First banded as a juvenile in 2014, Baltimore has been tracked across more than 6,000 miles of travel between the East Coast and the subarctic of northern Canada.

Baltimore has certainly gotten around. After wintering last year on the Maryland and New Jersey coasts, he migrated north through the middle of Manhattan, perching at midnight on the roof of a skyscraper at One Penn Plaza. He spent several weeks riding ice floes on Lake Ontario, then traveled more than 1,300 miles farther north, along James Bay and Hudson Bay to the northern tip of the Ungava Peninsula in Quebec, just 300 miles below the Arctic Circle.

During the summer and early autumn last year, Baltimore wandered across tundra landscapes beside the Hudson Strait inhabited by caribou, polar bears and wolves. The owl remained there until Halloween night, when the shortening days and deepening cold of the subarctic winter pushed him south.

By Dec. 19, 2015, Baltimore had reached Amherst Island, a world-famous hotspot for northern owls along the Canadian shore of Lake Ontario, where he’s spent the rest of this winter—hunting ducks, eating meadow voles and delighting the hundreds of birders and photographers who come to Amherst each winter to see northern owls.

Baltimore, a typically pale and unmarked male snowy owl, just before his release on Assateague Island National Seashore, Maryland.
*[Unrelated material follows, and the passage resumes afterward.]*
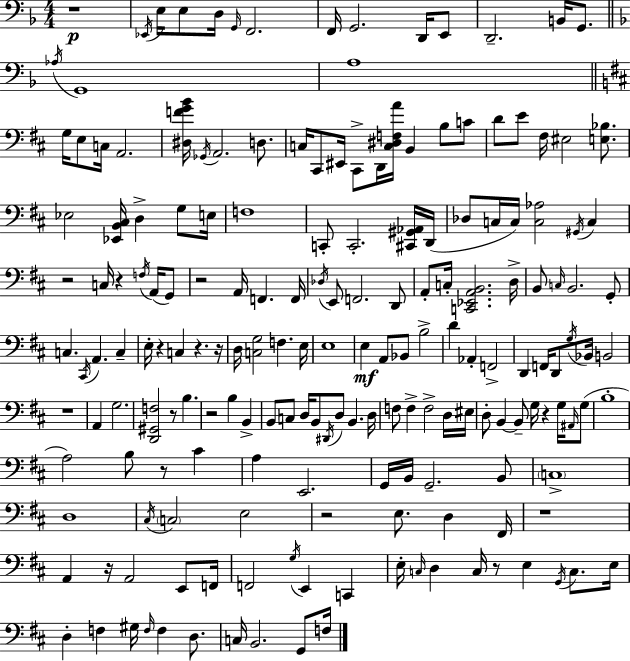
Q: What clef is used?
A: bass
Credit: Chris Hudson

In the coming weeks, Baltimore should head north again—perhaps to breed, since he may now be old enough to start a family (the age at which snowy owls begin nesting is unknown).

Baltimore is just one of more than 40 snowy owls Project SNOWstorm has tagged over the past three years, in 10 states from North Dakota to Maine. The team believes it is imperative to better understand the species’ winter ecology, because snowy owls breed in regions where climate change is occurring most quickly and dramatically—and because it is also now clear that the global snowy owl population was badly overestimated for many years. Recent estimates put the world population at just 30,000, barely a tenth of what had been believed.

Project SNOWstorm was founded in 2013, in the wake of the largest invasion of snowy owls into the East since the 1920s. All those involved donate their time and expertise, and the work is funded entirely by donations from the public, including contributions from birding and ornithological groups. (Baltimore’s $3,000 transmitter, for instance, was sponsored by the Baltimore Bird Club.)